## Dataset entries:

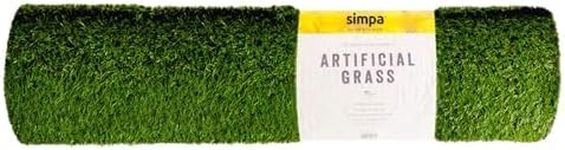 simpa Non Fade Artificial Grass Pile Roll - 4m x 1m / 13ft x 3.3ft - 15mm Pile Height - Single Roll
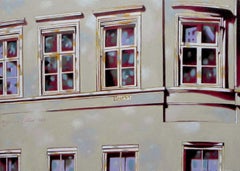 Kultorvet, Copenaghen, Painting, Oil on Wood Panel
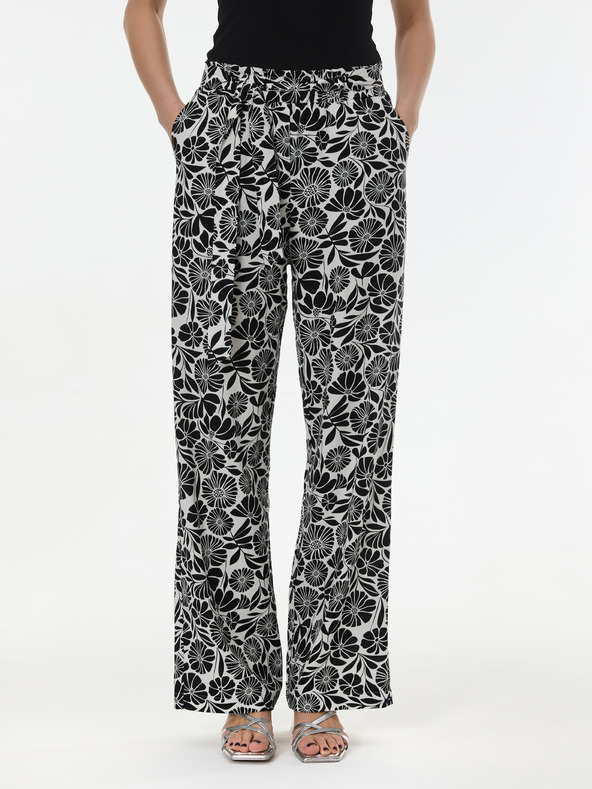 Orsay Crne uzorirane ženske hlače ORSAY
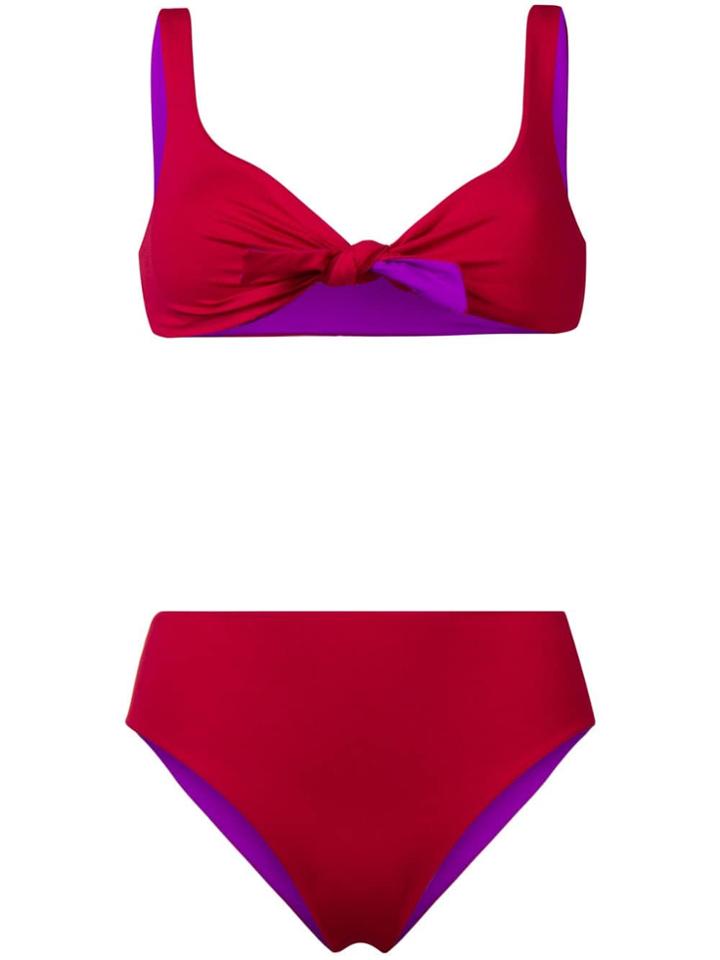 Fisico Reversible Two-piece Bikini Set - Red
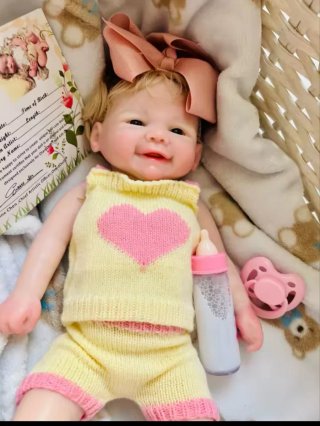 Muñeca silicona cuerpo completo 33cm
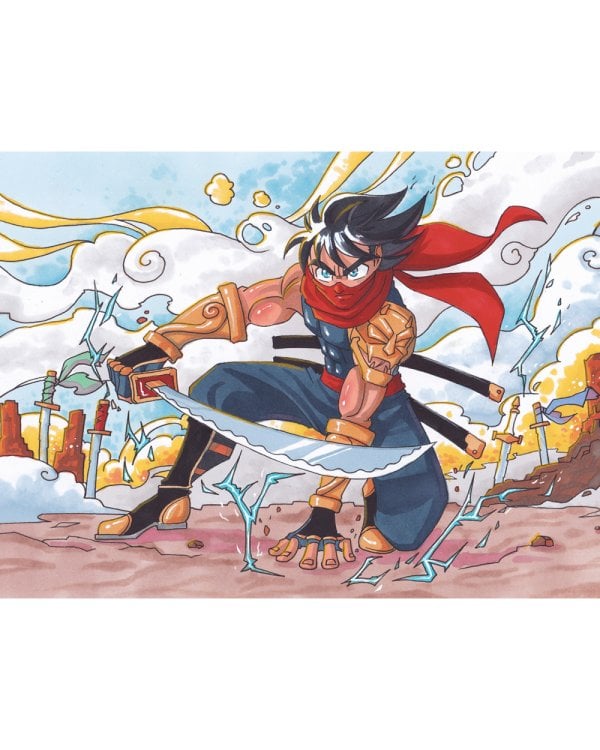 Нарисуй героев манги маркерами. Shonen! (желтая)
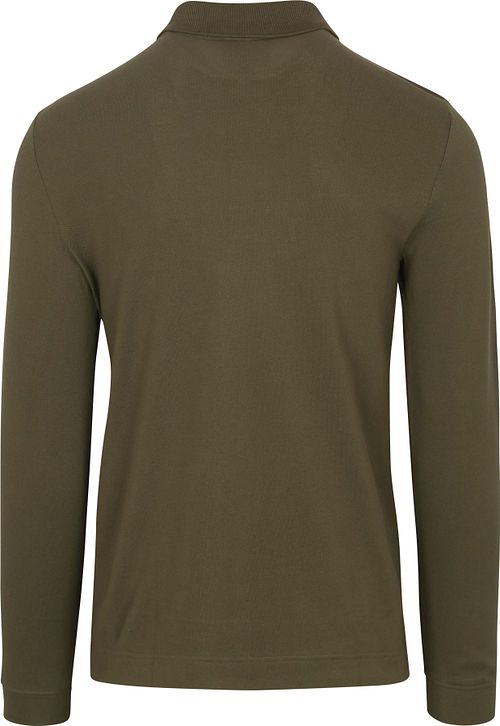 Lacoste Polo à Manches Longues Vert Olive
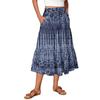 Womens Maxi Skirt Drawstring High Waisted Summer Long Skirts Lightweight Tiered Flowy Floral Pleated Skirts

## Assignment:
Transcribe the listing above exactly, leaving every picture out.

## Exercise result:
 simpa Non Fade Artificial Grass Pile Roll - 4m x 1m / 13ft x 3.3ft - 15mm Pile Height - Single Roll
 Kultorvet, Copenaghen, Painting, Oil on Wood Panel
 Orsay Crne uzorirane ženske hlače ORSAY
 Fisico Reversible Two-piece Bikini Set - Red
 Muñeca silicona cuerpo completo 33cm
 Нарисуй героев манги маркерами. Shonen! (желтая)
 Lacoste Polo à Manches Longues Vert Olive
 Womens Maxi Skirt Drawstring High Waisted Summer Long Skirts Lightweight Tiered Flowy Floral Pleated Skirts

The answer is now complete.